At today’s two-week follow-up, the doctor asked me what the hardest part of the whole surgery experience was. Without hesitation: the time in the hospital. I was pretty lucky to have a half-occupied double room with a glorious view of Seattle and Mt. Rainier, but it was a very noisy, disruptive environment. I knew this going in, and was thus motivated to get up and walk around to demonstrate that I’d be okay enough going home, where I could actually rest. When they moved the second patient in, I was doubleplusmotivated to not endure another 24-hours of extra interruptions, translator, or the dude’s wife’s ultra-obnoxious ringtone jacked up at full volume. I wouldn’t want to spend a few days (as would have occurred with an open.)
great summary. love those Foley catheters. *shudder*.
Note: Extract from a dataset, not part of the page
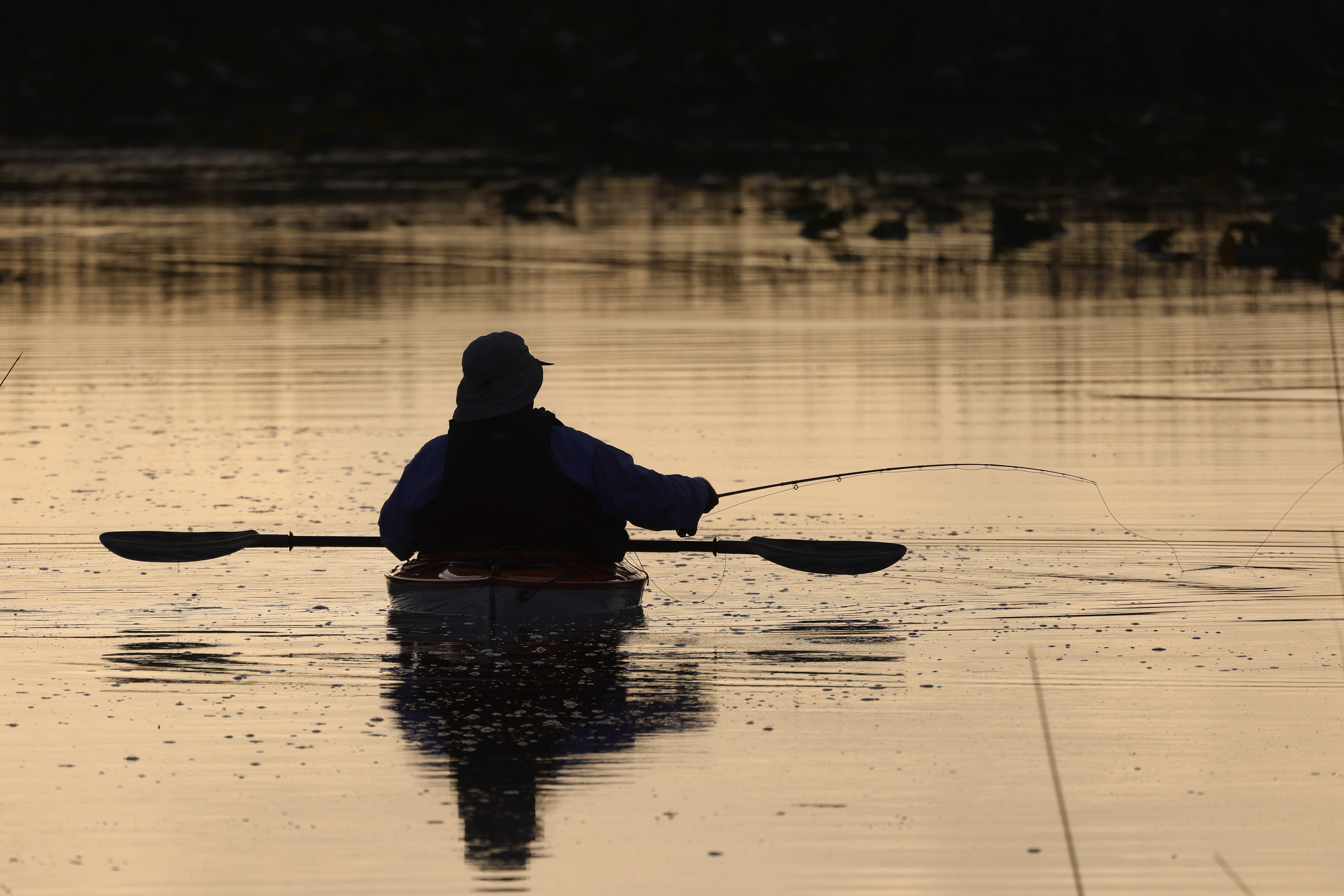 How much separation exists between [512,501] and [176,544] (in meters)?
1.70

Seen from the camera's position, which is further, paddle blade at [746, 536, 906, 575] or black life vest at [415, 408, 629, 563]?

Fun read on a not so fun experience. As much as I enjoyed our ‘pain scale 2’ I’m glad I wasn’t with you for the others. Haha. My top pain was after my first ACL reconstruction. I remember thinking that there could be a parade of nude women in front of me and I wouldn’t notice. My brain was overloaded, I couldn’t think about anything except the pain. Eventually a nurse (presumably fully clothed but what do I know?) came up and asked how i was doing and I struggled to say “My knee hurts.” Obviously I must have looked bad as she came back right away and gave me a shot of morphine in the butt. The whole thing was repeated 3 times but the last time she gave me Demerol and then I feel asleep, woke up a few hours later as if nothing had happened. Get better, we miss you!
Descriptions of medical procedures are cringe-worthy unless you’re the one needing them. When you need them yourself, you tend to not care what they do to you or how. “You wanna put a blow torch where? OK!” Plus they tend to give you good drugs. The vicodin for my back certainly put the kibosh on my generally free-flowing #2.
Good luck with the -oma.
Thanks, guys.
@Phil – I am looking forward to our next hike!
@John – that was how I felt when this whole ordeal started back in November. Not having the immediacy has necessitated my needing more information to understand what’s going on. I hope to be back to snarky comments about other things soon.
Surely you’ve seen the pain scale over at Hyperbole and a Half: http://hyperboleandahalf.blogspot.com/2010/02/boyfriend-doesnt-have-ebola-probably.html
Claire – I hadn’t seen that before, but it that correlates very well with my experience. Thank you!